I am probably not the best strategist. I am definitely not the most experienced, or knowledgable. I have not advised the boards of Shell, or Meta, or Lockheed Martin. And I probably never will.
But I am willing to venture that I might be one of the best at “dumbing down and sexing up” strategy concepts. Making them quick, accessible, and fun. And that’s just what Starbucks did with real Italian coffee – introducing a “close enough” version of it to the world, and massively raising the average standards of coffee worldwide.
Just imagine for a second how impactful this might be at scale.

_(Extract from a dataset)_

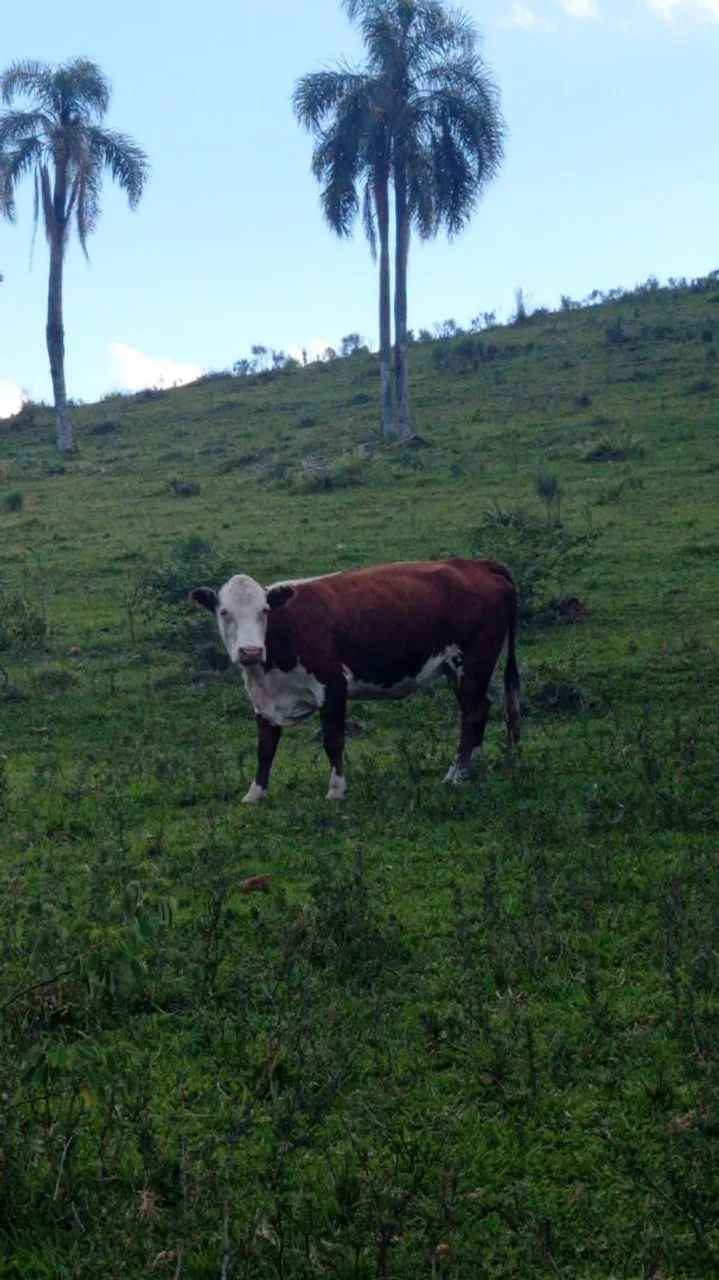 Venda de novilhas  - Foto 4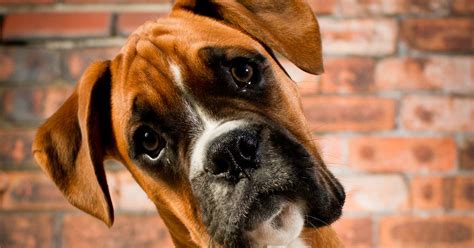 Britains Favourite Dogs In Pictures Top 100 Most Popular Breeds In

Strategic businesses create value. New value. Unstrategic businesses don’t. They either do something worthless, or they do something that’s been done many many many times before. What this means is that the amount of genuine value being produced by the vast mass of companies out there is a fraction of what it should be based on their intelligence and efforts.
If however we were to make those masses strategic – not necessarily “Southwest Airlines strategic”, just reasonably strategic – then there would be an explosion of new value, growth, and richness created for the precise same amount of effort and capital outlay. (Or arguably even a little bit less).
This is the potential power of successful implementing “the Starbucks of Strategy”.
Now of course this probably sounds a bit grandiose. And who the hell am I anyway, I’ve got a few thousand followers but it’s not like I’m Tony Robbins or something.
But I do have a few ideas.
And regardless of the scale they achieve, it’s something to shoot for anyway. It’s something to be getting on with. So I’ll give it a crack. And at the very least hopefully produce a lot more value for you – my core crew – in the process.